- **WHAT THE TASK ASKS**
Give again, word for word, only the lines of the material below from its first line through the one that holds "Abercrombie & Fitch"; pictures stay out.

- **MATERIAL PROVIDED**
# # # #

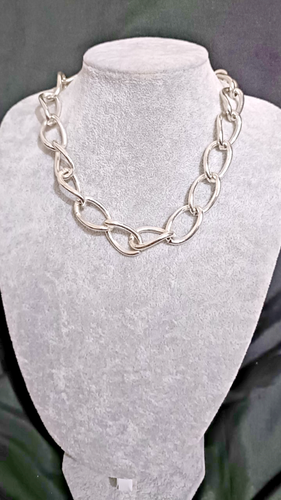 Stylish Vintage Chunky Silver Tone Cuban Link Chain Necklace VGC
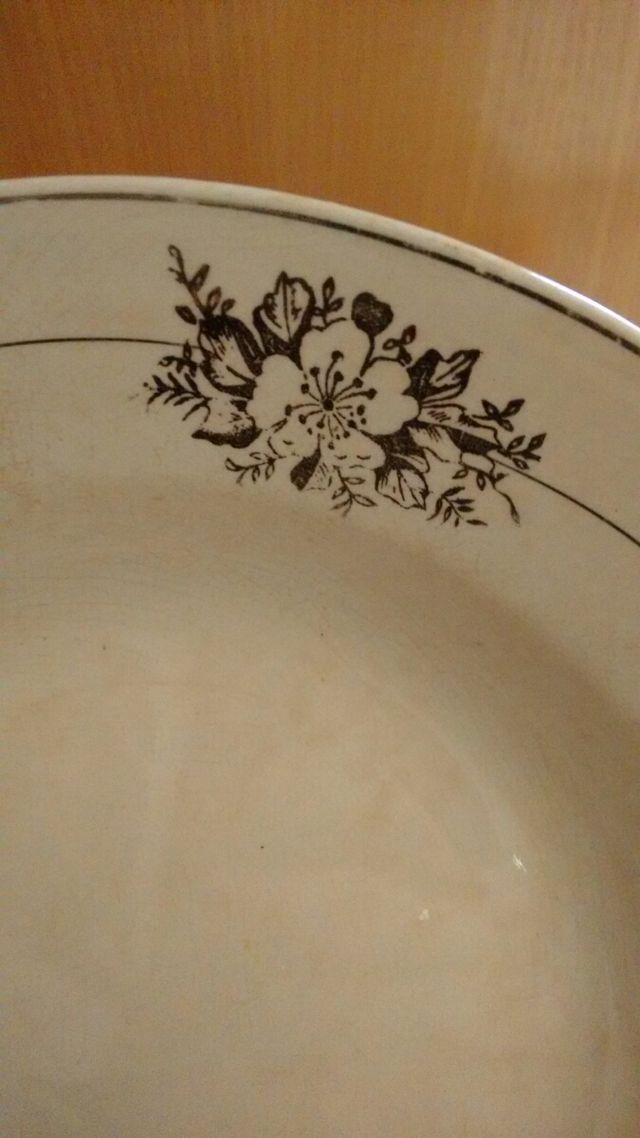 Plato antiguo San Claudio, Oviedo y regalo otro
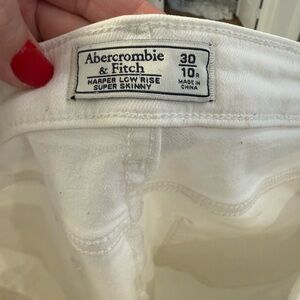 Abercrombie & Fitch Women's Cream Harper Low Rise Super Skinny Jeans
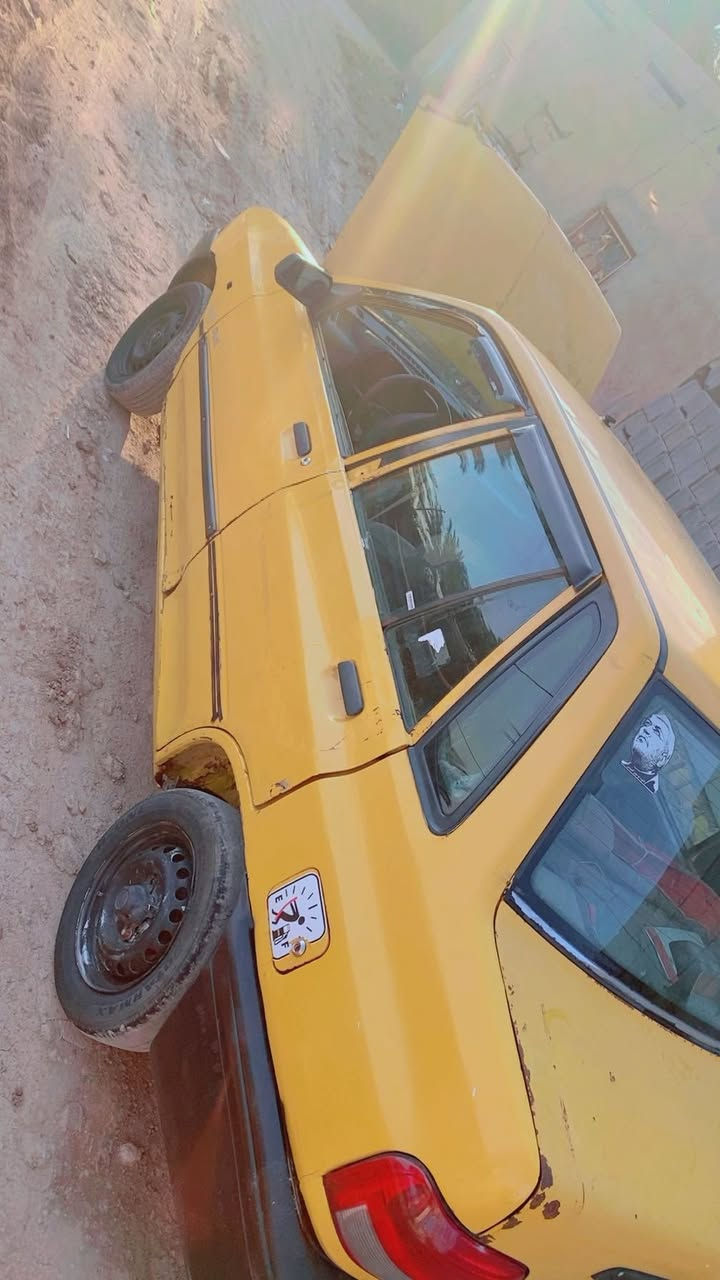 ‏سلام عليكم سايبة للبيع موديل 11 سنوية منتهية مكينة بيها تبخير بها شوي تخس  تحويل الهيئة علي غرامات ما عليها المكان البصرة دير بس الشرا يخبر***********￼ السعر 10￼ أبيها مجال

# # # #

- **THE ANSWER**
 Stylish Vintage Chunky Silver Tone Cuban Link Chain Necklace VGC
 Plato antiguo San Claudio, Oviedo y regalo otro
 Abercrombie & Fitch Women's Cream Harper Low Rise Super Skinny Jeans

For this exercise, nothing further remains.